ACTIVITY: Please set down, with no changes, every line of the material below from the one containing "Синонимы К Слову Шлюх синонимы к слову шлюх" through the end. Skip the pictures.

INFORMATION PROVIDED:

== == ==

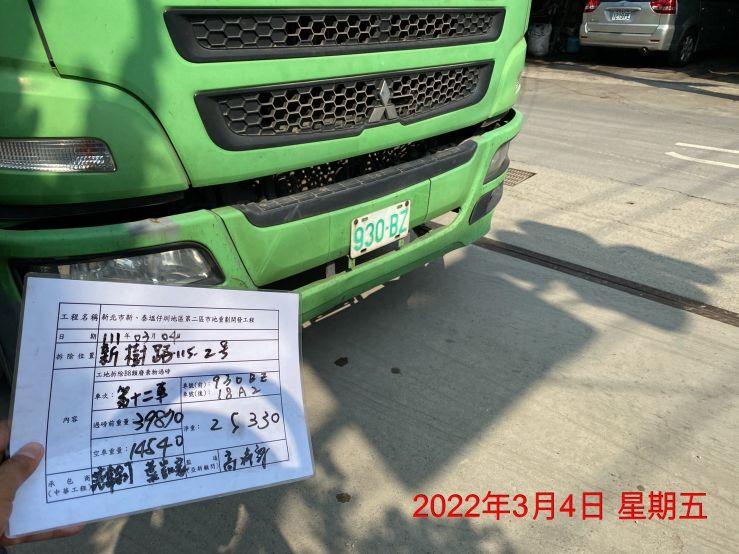 0304-工地拆除完成檢查、專任工程人員現場督導及廢棄物會磅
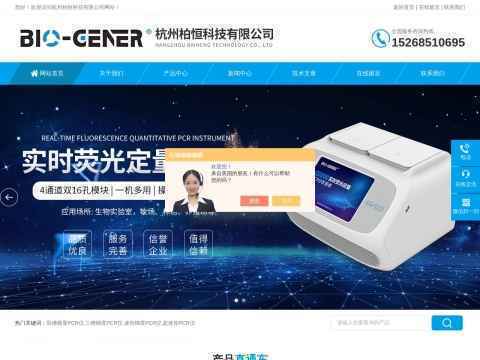 杭州柏恒科技有限公司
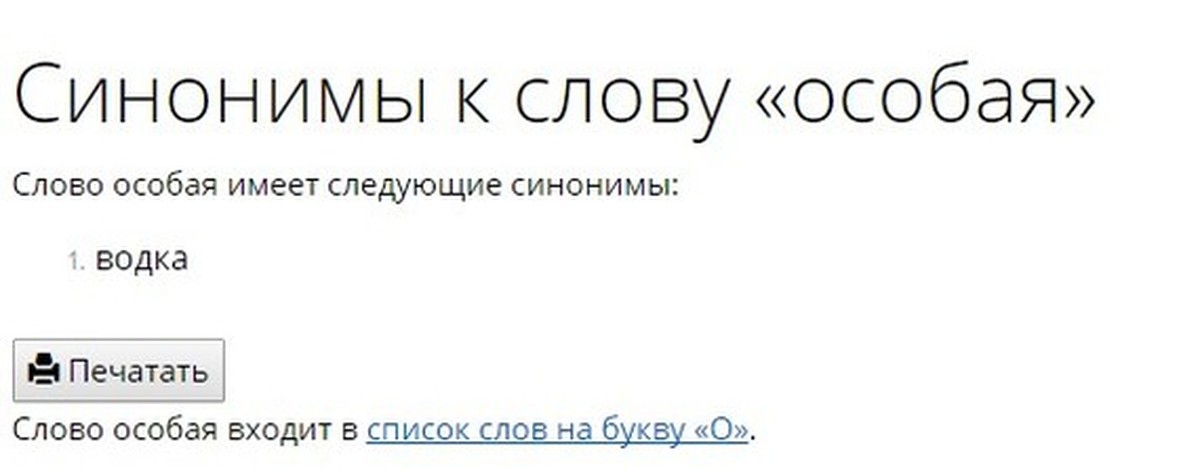 Синонимы К Слову Шлюх синонимы к слову шлюх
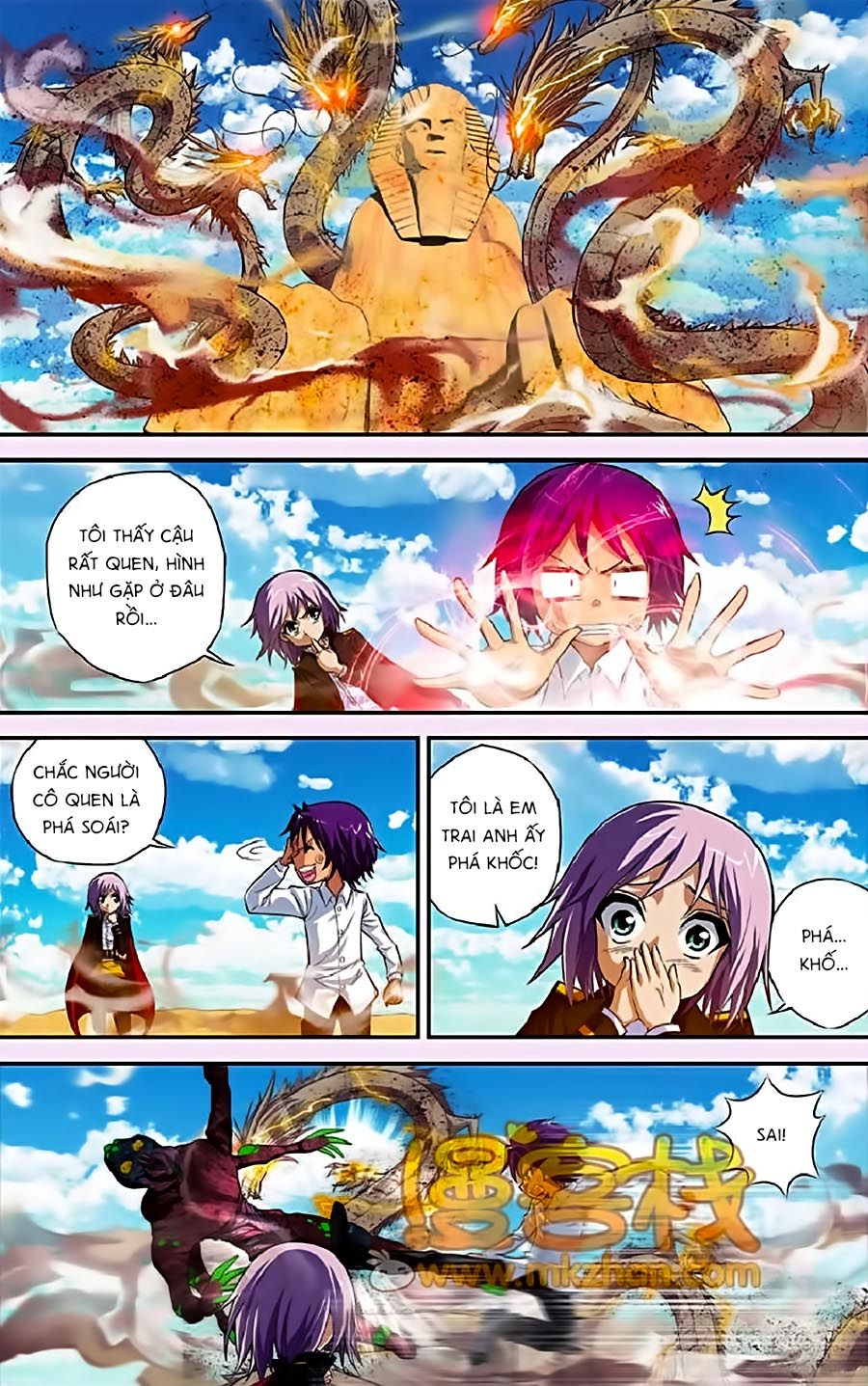 thâu tinh cửu nguyệt thiên chapter 326 11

== == ==

ANSWER AREA:
 Синонимы К Слову Шлюх синонимы к слову шлюх
 thâu tinh cửu nguyệt thiên chapter 326 11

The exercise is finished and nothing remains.